Tweets sind komplexer als 140 Zeichen
Twitter trägt politische Debatten aus den Parlamenten und bringt sie zu den Bürgern, sagt der Politologe Christoph Bieber. Im dpa-Gespräch erklärt der Professor, warum Tweets mehr aussagen als eine 140-Zeichen-Mitteilung - und Politiker sich auch mal "verzwitschern".
Berlin - Immer mehr Politiker twittern. Schafft diese neue, direkte Kommunikationsform mehr Nähe zum Wahlvolk? Verändert sie gar die politische Meinungsbildung?
Bieber: "Twitter ist vielleicht der unmittelbarste und schnellste Kanal, und der, über den man im Moment spricht. Aber das ist nicht die Neuerung. Politiker können auch über Websites direkt mit den Bürgern kommunizieren. Entscheidend ist, dass dies nun auch in ganz anderen Situationen möglich ist. Über Twitter nimmt man direkte Bezüge auf das aktuelle Geschehen, man kommentiert - manchmal als eine Art Zwischenruf-Ebene, die aber nicht nur im jeweiligen Parlament, sondern auch für die Menschen draußen sichtbar wird. Das eröffnet neue Zugänge in die Politik. Mit Twitter kommen neue Arenen hinzu - und Arenen, in denen bisher politisch kommuniziert wird, verändern sich. Was das nun für die Zukunft heißt, lässt sich noch nicht absehen. Twitter ist noch ein sehr junges Phänomen. Dass es den gesamten Meinungsbildungsprozess verändert, halte ich aber für zu weit gegriffen.
Verleitet Twitter Politiker dazu, schnell mal etwas mitzuteilen, was sie hinterher vielleicht bereuen?
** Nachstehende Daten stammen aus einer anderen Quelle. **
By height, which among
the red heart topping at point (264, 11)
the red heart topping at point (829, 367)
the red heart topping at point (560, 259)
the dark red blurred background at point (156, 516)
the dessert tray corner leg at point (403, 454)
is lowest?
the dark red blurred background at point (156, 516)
Bieber: "Das kann passieren. Wenn man eben nicht weiß, dass die Äußerungen tendenziell weltweit sichtbar sind, auch wenn man vielleicht nicht besonders viele Follower (Leser) hat. Politiker, die sich ohne lange Nutzungserfahrung auf Twitter bewegen, machen Dinge falsch. Aber das wohnt jedem neuen Medium inne. Den Piraten geht es zum Beispiel so, wenn sie sich an eher alte Formate gewöhnen müssen, etwa ein Interview mit professionellen Journalisten. Wenn man sich auf etwas Neues einlässt, passieren Fehler nun mal. Diese Erfahrungen sind mitunter schmerzlich, aber wenn man sie gemacht hat, wird man die Nutzung überdenken und verbessern."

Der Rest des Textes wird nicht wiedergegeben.